Eso es, en síntesis, hacer historia de cómo se
hizo esa historia. Lo que, en definitiva, redunda en el fortalecimiento de la
mala reputación, pero en el sentido que Roberto Merino le da a la costumbre de irse por las ramas.
Sin embargo, junto a ese título, hay que
entender que la mala reputación viene de lo
que las imágenes nos dicen. Justamente, porque ese es el segundo título
exhibido sobre el mostrador, relativo al oficio del historiador, que es, en
términos estrictos, un tipo que trabaja en contra de los estereotipos. De modo
que ese es, el título bajo el cual se presenta una conversación entre Didier Eribon
y Ernst Gombrich, que fue publicada por primera vez en 1991, y re-editada en el
2009. En Chile, ninguna de las dos ediciones ha sido incluida en alguna
bibliografía. Lo que las imágenes nos dicen es una estrategia que siguen muy
pocos académicos, ya que por lo general, lo que hacen es hacer decir a las imágenes lo que les ha dictado el canon
discursivo.

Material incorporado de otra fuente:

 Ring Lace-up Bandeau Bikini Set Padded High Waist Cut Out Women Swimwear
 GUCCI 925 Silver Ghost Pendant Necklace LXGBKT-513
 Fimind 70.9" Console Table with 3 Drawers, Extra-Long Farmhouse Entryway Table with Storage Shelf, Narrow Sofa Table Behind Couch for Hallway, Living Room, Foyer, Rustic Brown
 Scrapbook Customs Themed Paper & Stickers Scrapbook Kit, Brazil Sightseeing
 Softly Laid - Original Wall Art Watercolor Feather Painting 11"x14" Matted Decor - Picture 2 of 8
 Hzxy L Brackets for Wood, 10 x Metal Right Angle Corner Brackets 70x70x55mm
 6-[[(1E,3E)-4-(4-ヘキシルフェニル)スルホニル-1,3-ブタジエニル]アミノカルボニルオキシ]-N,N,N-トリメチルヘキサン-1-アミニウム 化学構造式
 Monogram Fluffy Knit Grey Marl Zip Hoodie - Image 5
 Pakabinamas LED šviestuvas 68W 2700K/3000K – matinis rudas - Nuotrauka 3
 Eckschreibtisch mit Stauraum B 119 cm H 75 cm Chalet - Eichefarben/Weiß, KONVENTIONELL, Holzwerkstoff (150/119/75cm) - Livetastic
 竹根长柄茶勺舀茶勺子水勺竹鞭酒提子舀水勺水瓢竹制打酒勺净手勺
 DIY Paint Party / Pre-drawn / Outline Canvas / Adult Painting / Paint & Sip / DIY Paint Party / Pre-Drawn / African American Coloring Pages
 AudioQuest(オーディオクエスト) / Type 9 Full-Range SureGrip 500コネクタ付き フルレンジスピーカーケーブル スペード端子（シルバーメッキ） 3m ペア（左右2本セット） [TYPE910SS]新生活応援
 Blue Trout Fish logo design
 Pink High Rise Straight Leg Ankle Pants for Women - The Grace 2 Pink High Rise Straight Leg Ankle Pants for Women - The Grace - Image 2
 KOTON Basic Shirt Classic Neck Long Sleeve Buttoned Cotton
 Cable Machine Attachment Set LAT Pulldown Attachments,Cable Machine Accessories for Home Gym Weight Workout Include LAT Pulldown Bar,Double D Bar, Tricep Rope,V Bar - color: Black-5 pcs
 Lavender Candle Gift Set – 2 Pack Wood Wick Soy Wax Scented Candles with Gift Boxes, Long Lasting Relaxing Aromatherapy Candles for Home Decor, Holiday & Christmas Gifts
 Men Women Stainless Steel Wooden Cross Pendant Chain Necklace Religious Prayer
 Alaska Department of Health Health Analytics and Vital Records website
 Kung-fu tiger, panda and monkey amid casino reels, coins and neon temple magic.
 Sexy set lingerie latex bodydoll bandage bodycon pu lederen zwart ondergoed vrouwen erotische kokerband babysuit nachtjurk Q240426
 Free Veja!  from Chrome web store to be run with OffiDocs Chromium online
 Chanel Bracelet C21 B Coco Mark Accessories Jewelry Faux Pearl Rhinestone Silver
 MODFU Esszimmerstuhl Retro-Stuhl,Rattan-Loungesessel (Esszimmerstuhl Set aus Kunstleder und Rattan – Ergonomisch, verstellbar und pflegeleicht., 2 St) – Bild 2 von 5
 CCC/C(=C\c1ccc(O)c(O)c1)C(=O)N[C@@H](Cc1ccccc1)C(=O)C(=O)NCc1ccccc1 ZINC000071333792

Ya veremos de qué estereotipos se trata, y de que canon estoy
hablando. Por el momento, no me detengo en esos detalles.
Siguiendo “lo que las imágenes nos dicen”, se
entiende el valor que tiene en esta columna la referencia a “La balsa de la
medusa”, de Géricault. En primer lugar, por una razón totalmente emocional. Era
la pintura que solíamos ir a ver con Francesca Lombardo, cuando ella hacía un
corte durante la escritura de su tesis sobre “el industrioso caballero de Thanatos”. Ver la pintura no era más que el necesario
homenaje a su trabajo, a su vida, a su escucha sofisticada. En segundo lugar, por una razón totalmente
técnica. De “técnica jurídica”.
Hace años, hubo una editorial española que ocupó
el nombre La Balsa de la Medusa. Fue
una editorial importante. Sin embargo, lo más interesante de su nombre es que
daba por sentado que el espacio artístico era una metáfora de la monarquía
restauradora (Luis XVIII) y alimentaba la interpretación que el naufragio y
posterior destino de la balsa se debieron a la ineptitud de su capitán. En
relación a la escena chilena, habrá siempre que buscar al capitán o a la
capitana de un navío que, primero, naufraga, y en cuyos despojos, la balsa, se
cometen actos de canibalismo. Es decir, todo esto se convierte en una impecable
figura endogámica que define las relaciones entre arte y política durante la época
del manejo de los signos insubordinados. La escena de arte deviene
representación monárquica, después de haberse iniciado como salón dieciochesco
bajo la higuera, durante su etapa de acumulación de fuerzas. Luego de la tragedia, los restos, los
residuos, los fragmentos arruinados de La Medusa, yacen como artes de la disposición declinante en un galpón de Pedro Aguirre
Cerda, en la Región Metropolitana, desplazando radicalmente las condiciones de
la mala reputación que ha ido adquiriendo el arte chileno, por no haberse hecho
cargo de lo que –efectivamente- las imágenes nos dicen.